**WORK TASK**: Each entry is to be given again precisely, and no picture may be carried over.

**DATA SECTION**:
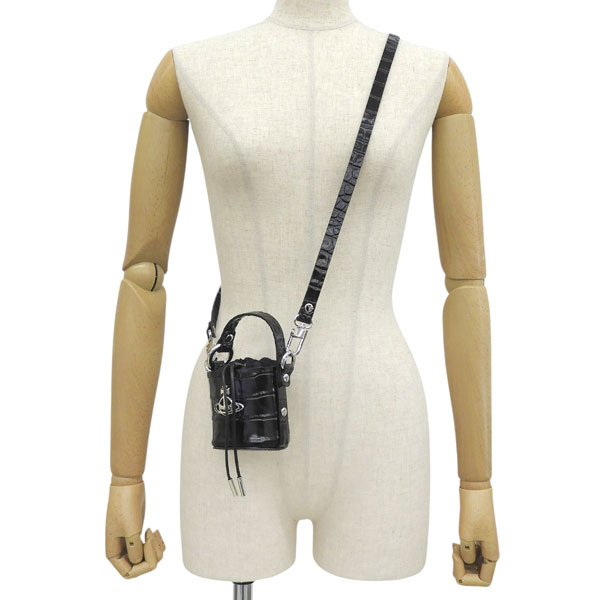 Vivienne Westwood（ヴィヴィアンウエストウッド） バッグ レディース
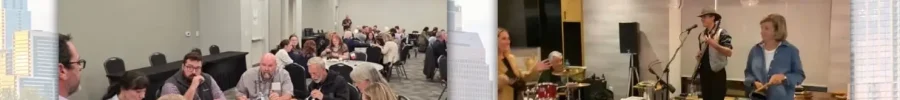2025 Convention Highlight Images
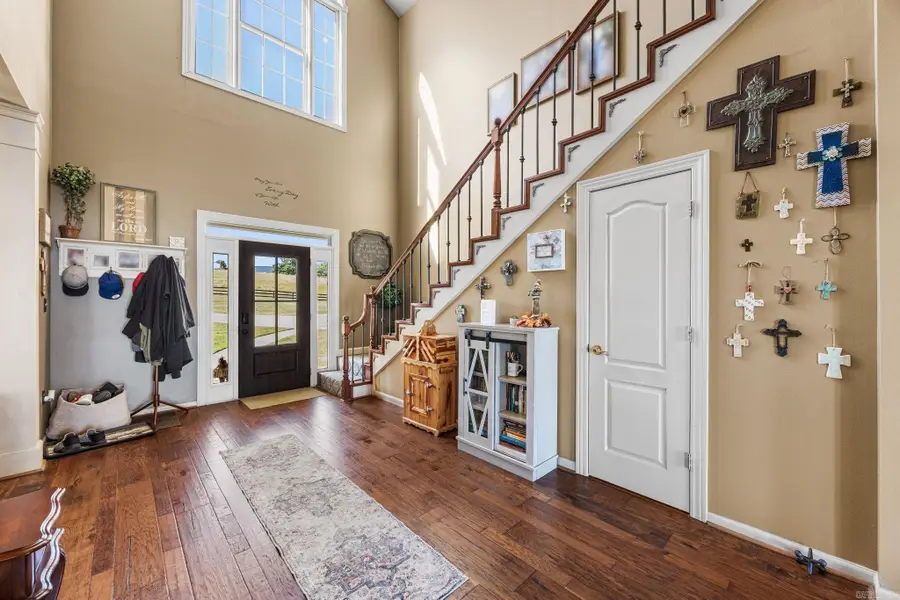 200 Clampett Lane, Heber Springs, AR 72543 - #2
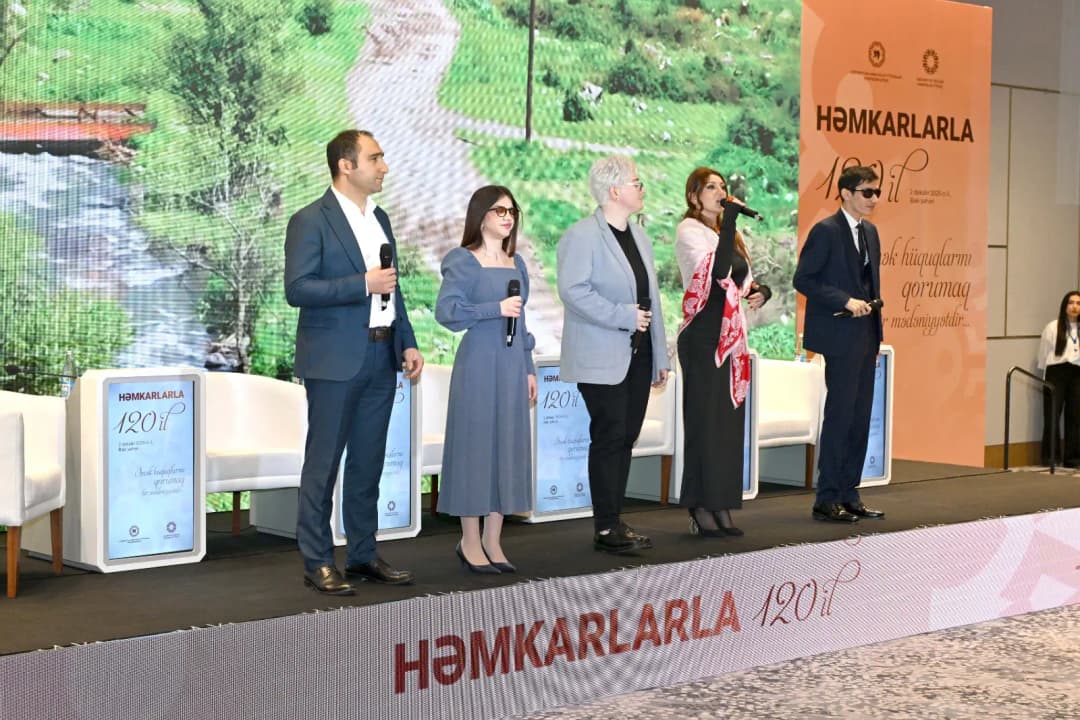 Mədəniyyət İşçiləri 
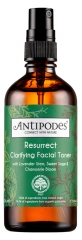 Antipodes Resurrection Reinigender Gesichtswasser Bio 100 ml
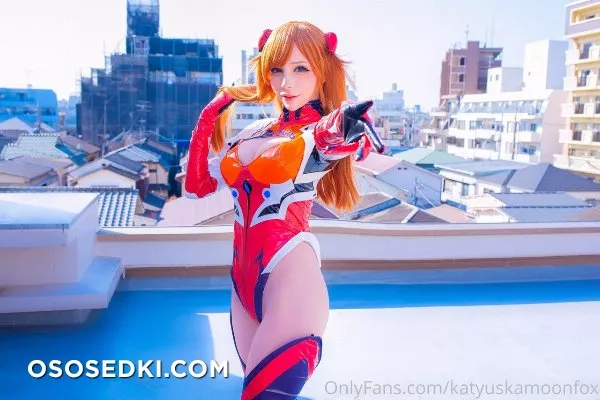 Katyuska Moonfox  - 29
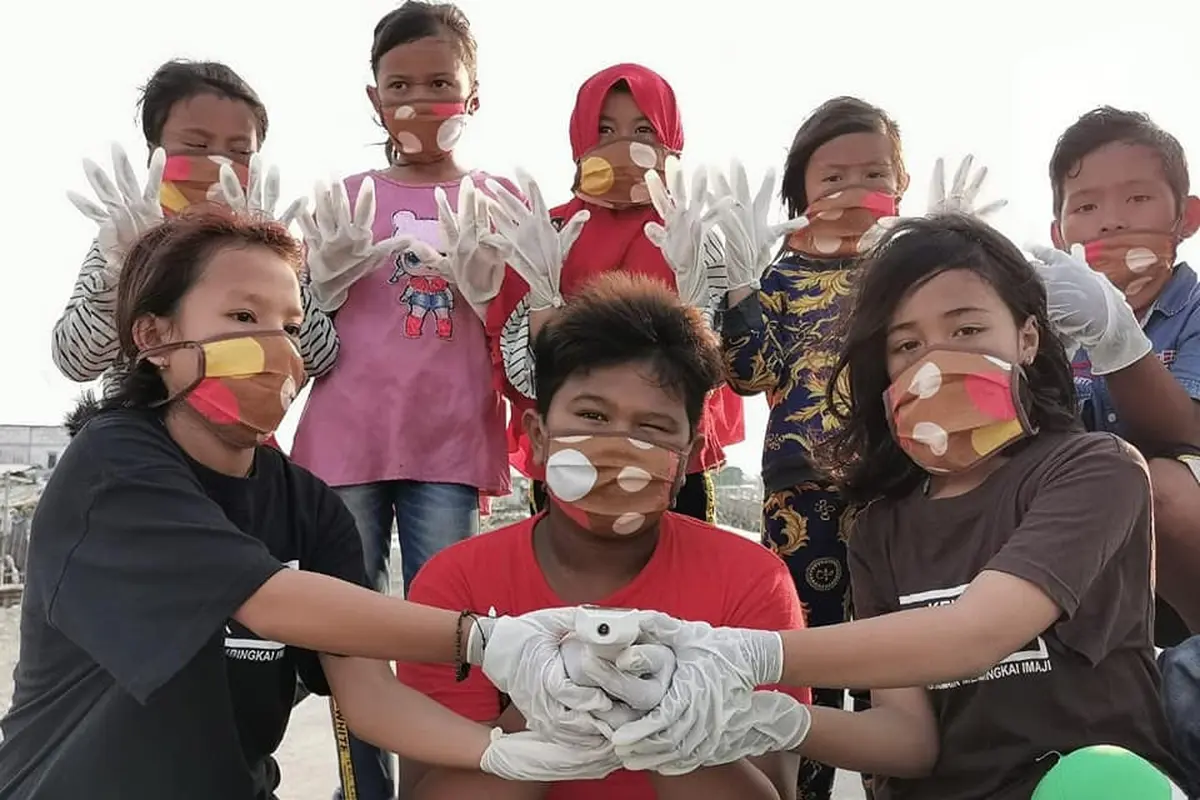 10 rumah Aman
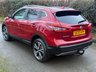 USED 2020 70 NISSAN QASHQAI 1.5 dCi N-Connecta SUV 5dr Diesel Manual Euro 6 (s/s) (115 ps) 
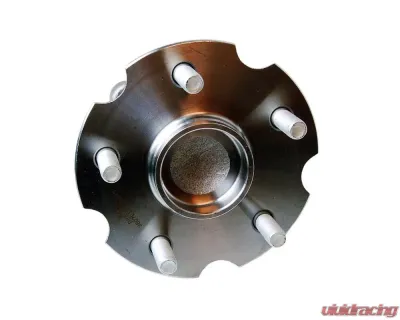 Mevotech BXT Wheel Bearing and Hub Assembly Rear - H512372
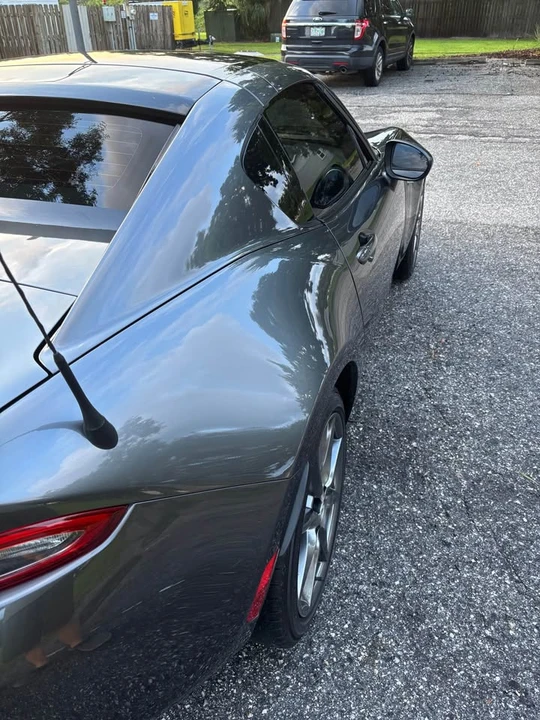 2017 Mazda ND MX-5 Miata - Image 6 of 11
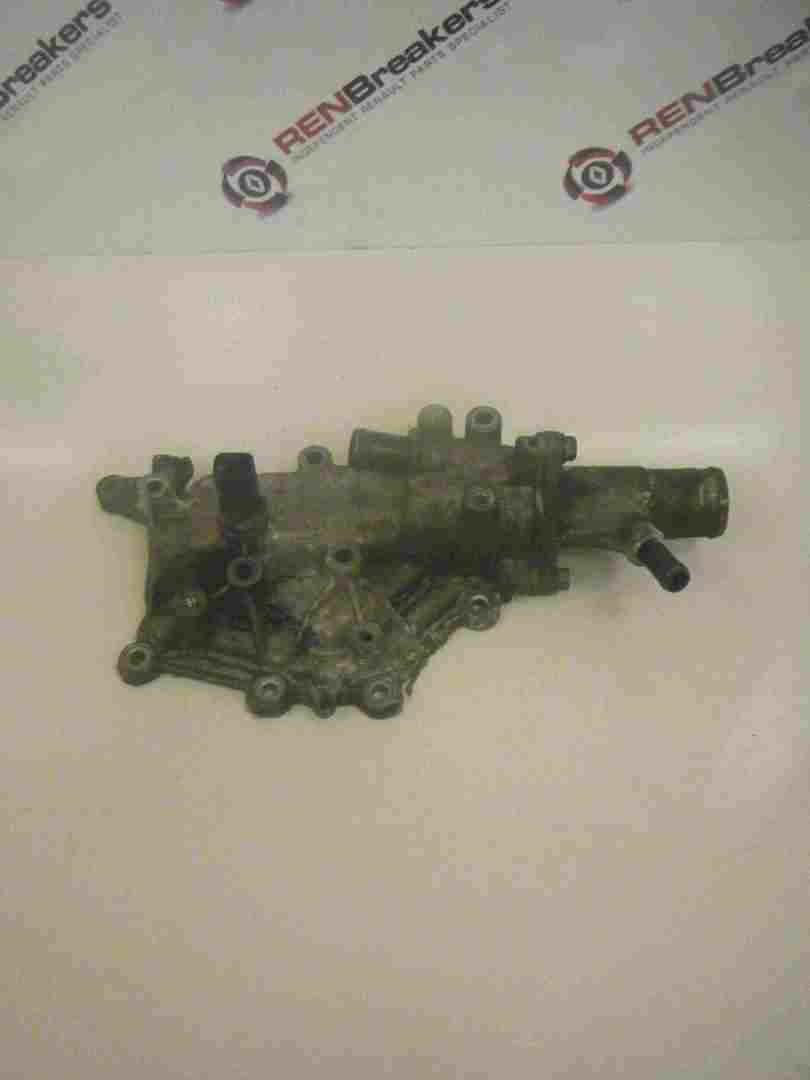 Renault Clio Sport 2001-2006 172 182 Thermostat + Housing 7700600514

**EXPECTED ANSWER**:
 Vivienne Westwood（ヴィヴィアンウエストウッド） バッグ レディース
2025 Convention Highlight Images
 200 Clampett Lane, Heber Springs, AR 72543 - #2
 Mədəniyyət İşçiləri 
 Antipodes Resurrection Reinigender Gesichtswasser Bio 100 ml
 Katyuska Moonfox  - 29
 10 rumah Aman
 USED 2020 70 NISSAN QASHQAI 1.5 dCi N-Connecta SUV 5dr Diesel Manual Euro 6 (s/s) (115 ps) 
 Mevotech BXT Wheel Bearing and Hub Assembly Rear - H512372
 2017 Mazda ND MX-5 Miata - Image 6 of 11
 Renault Clio Sport 2001-2006 172 182 Thermostat + Housing 7700600514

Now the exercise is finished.